[Short text fragments from websites]
######

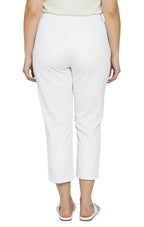 Women’s Lightweight Stretch Denim Capri Pants – Comfortable Everyday Fit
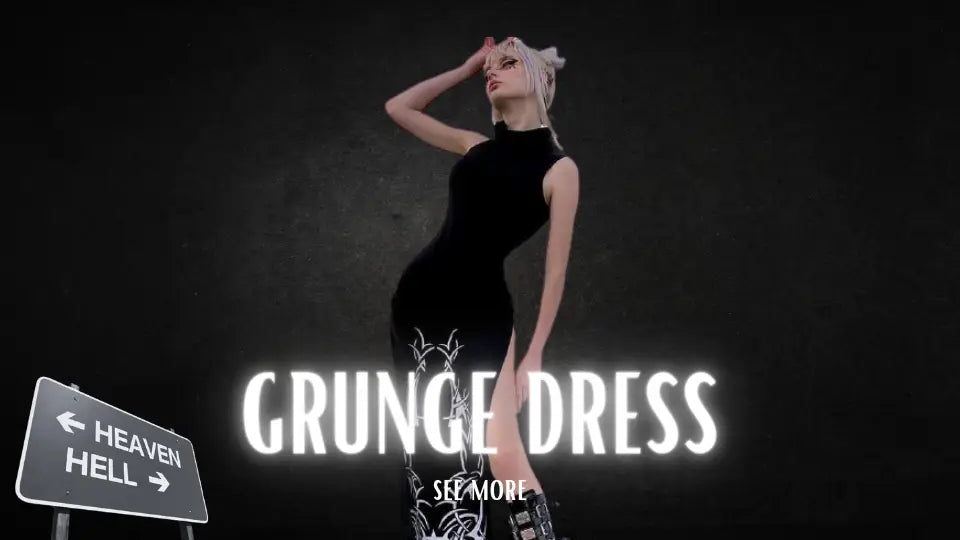 5 tips for wearing the grunge style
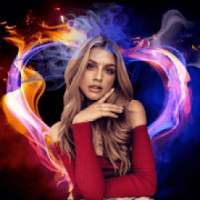 Smoke Effect Photo Maker on 9Apps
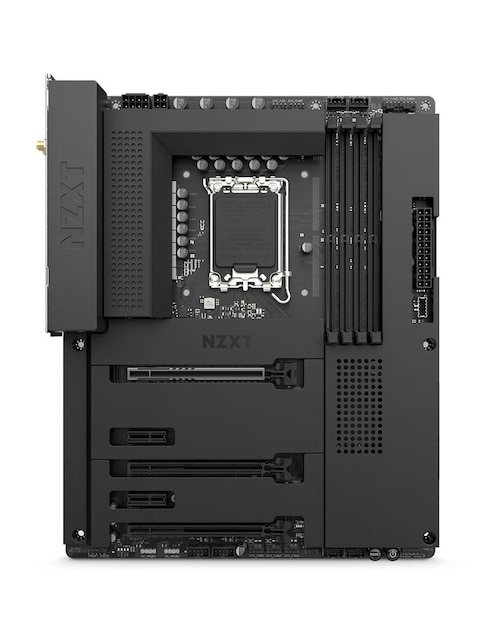 Tarjeta madre Nzxt N7 Z790 DDR5 con procesador Intel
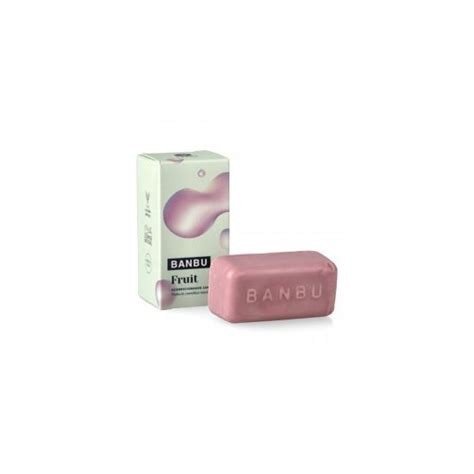 ACONDICIONADOR SOLIDO FRUIT 50G BANBU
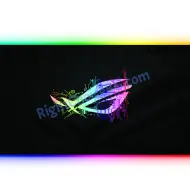Подложка за мишка ROG - Republic of Gamers RGB, Размер 35x25см и 80x30см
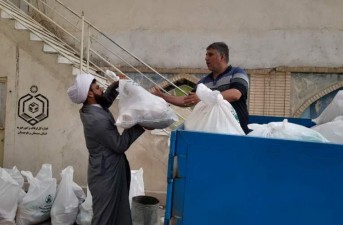 ارسال ۱۰۰۰ بسته معیشتی به مناطق سیل‌زده سیستان و بلوچستان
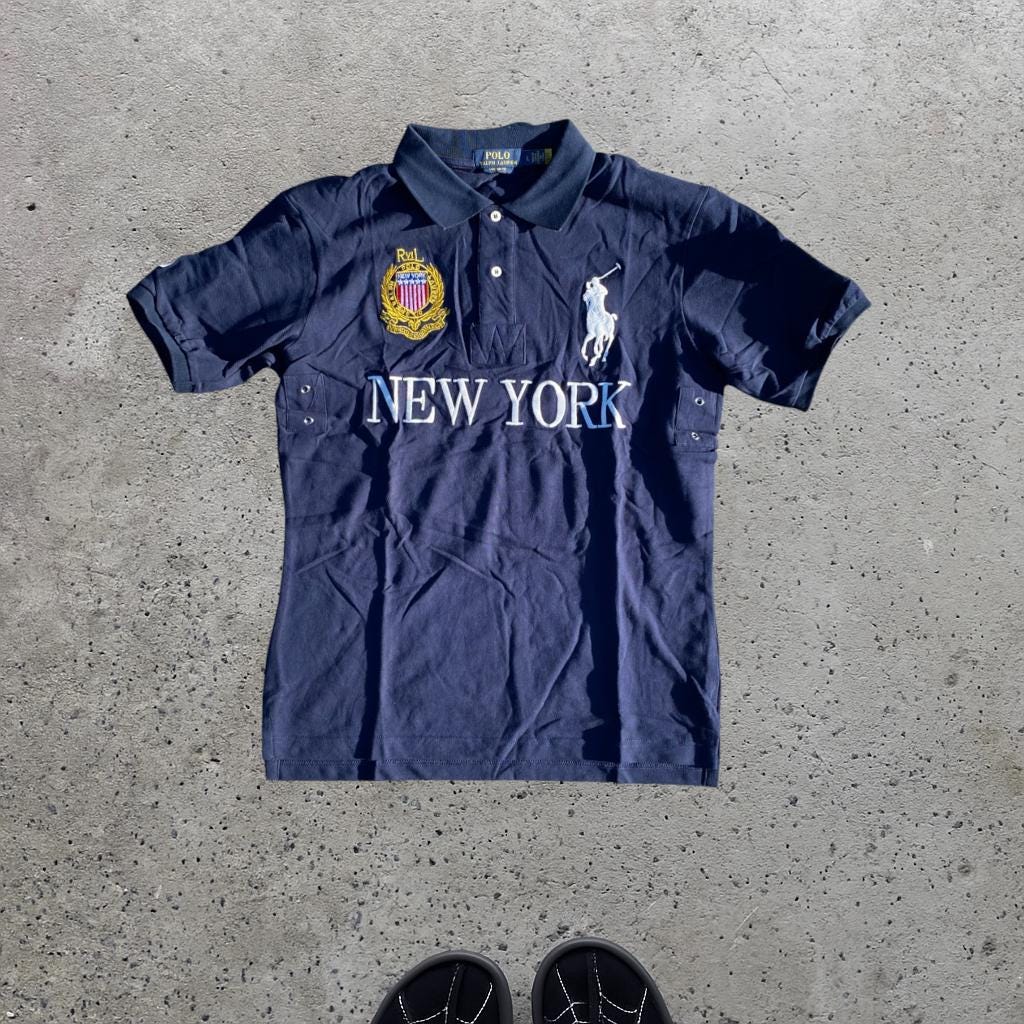 Big Pony Polo Shirt - Etsy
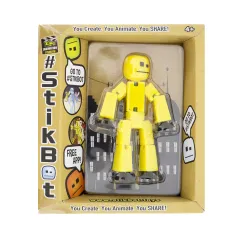 Фігурка для творчості анімації STIKBOT S2 (жовтий)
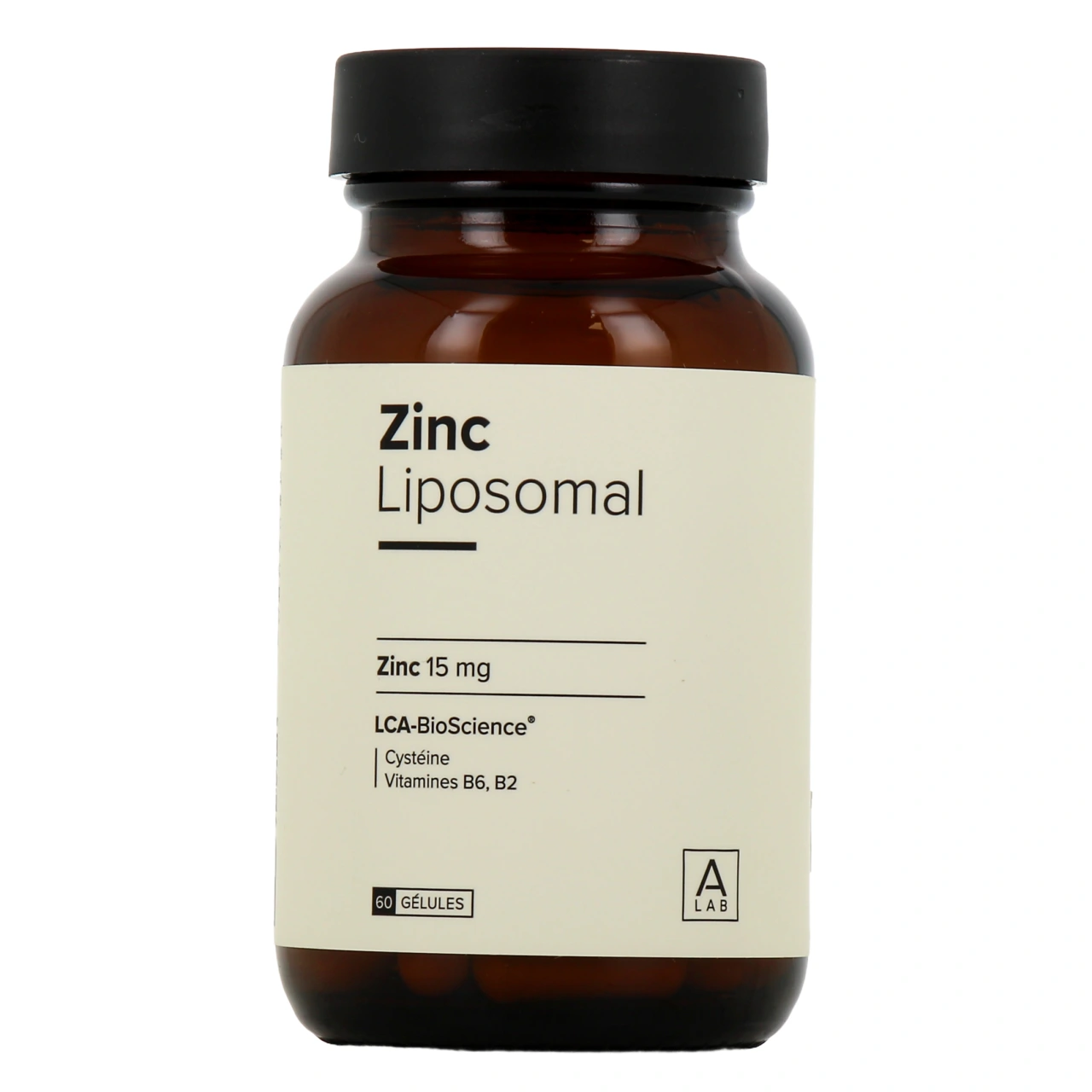 A-LAB Zinc Liposomal - Vue 2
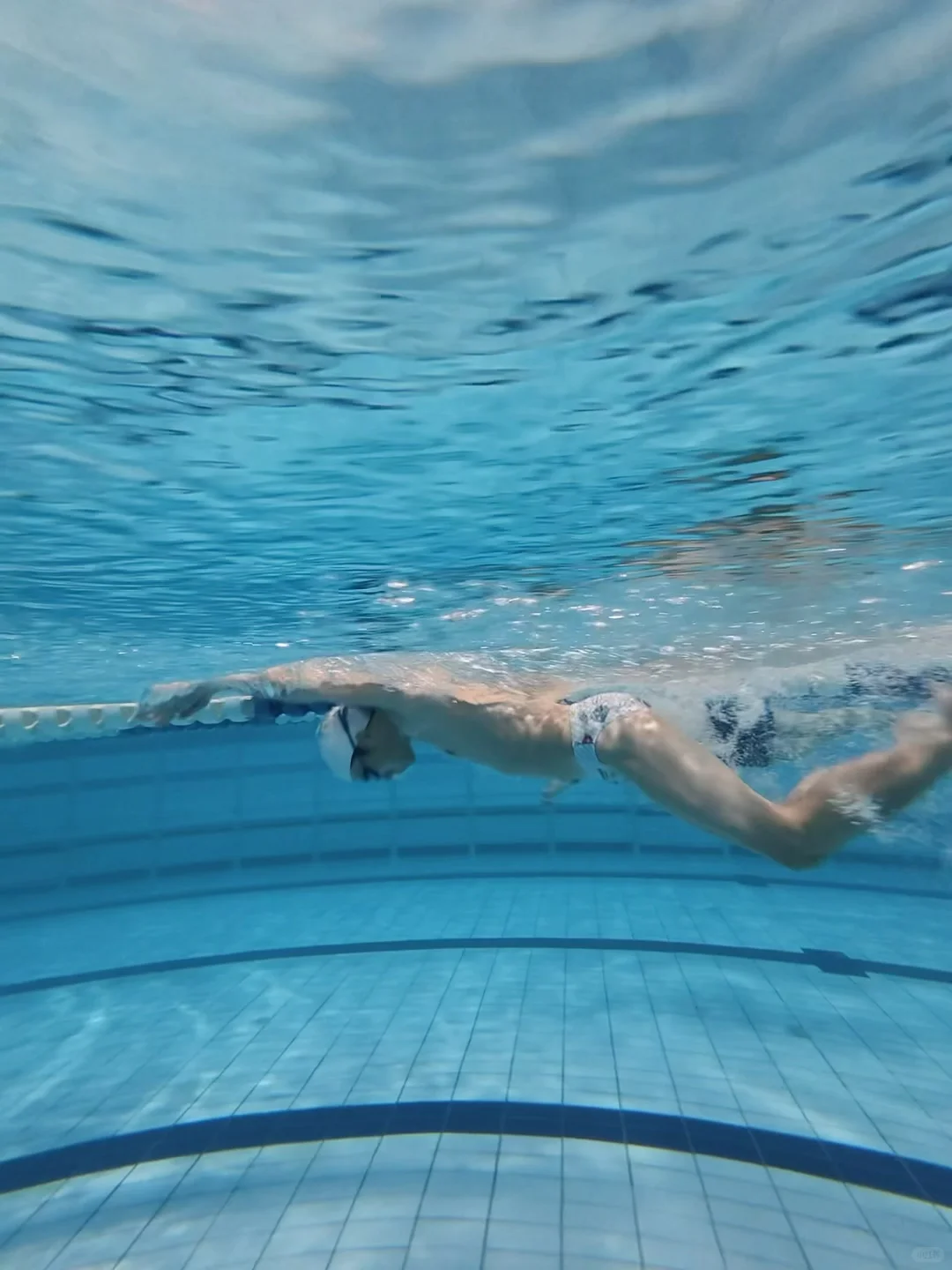 我们一般在水下吵架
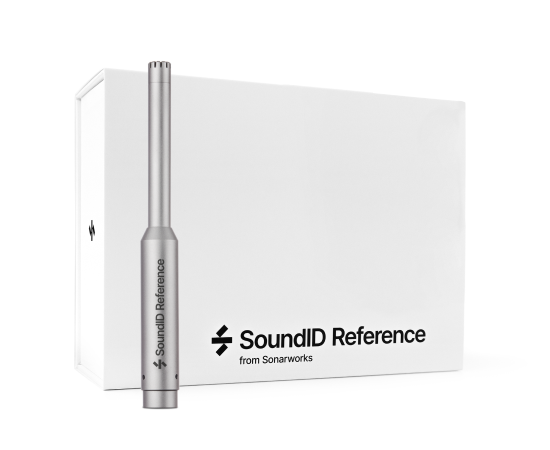 Sonarworks - SoundID Reference for Speakers & Headphones with Measurement  Microphone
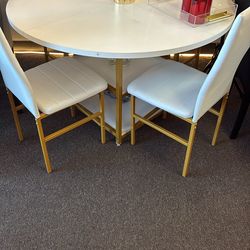 5pc dining room table set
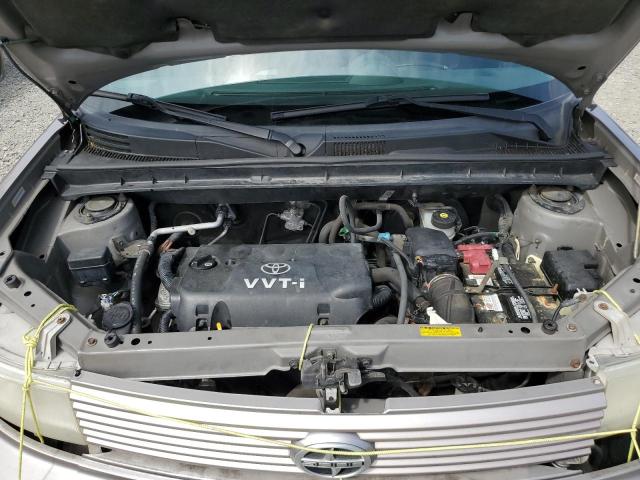 JTLKT324X40151519 - 2004 TOYOTA SCION XB 灰色 照片 12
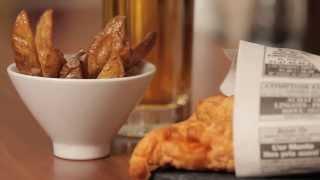 Recette Merlu façon Fish and Chips avec Pavillon France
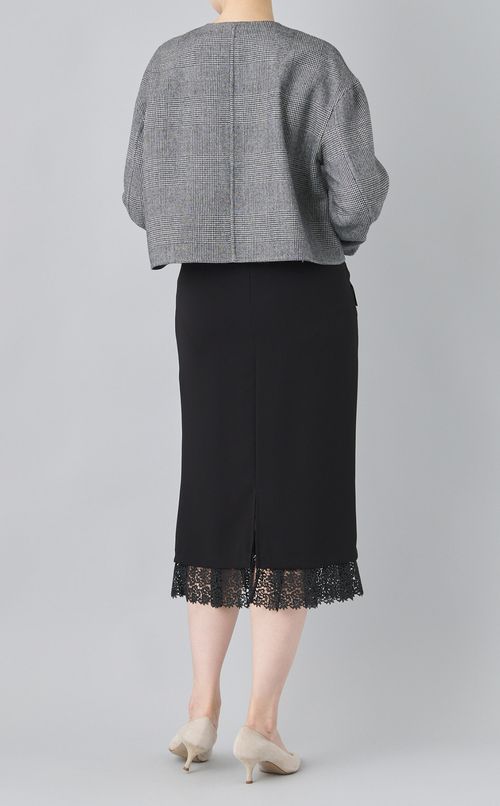 リバーシブルショートジャケット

######

* TASK DETAILS:
Output nothing except the lines from the one containing "5pc dining room table set" through the final line of the entries, repeated exactly and free of pictures.

* ANSWER TO THIS PROBLEM:
 5pc dining room table set
 JTLKT324X40151519 - 2004 TOYOTA SCION XB 灰色 照片 12
 Recette Merlu façon Fish and Chips avec Pavillon France
 リバーシブルショートジャケット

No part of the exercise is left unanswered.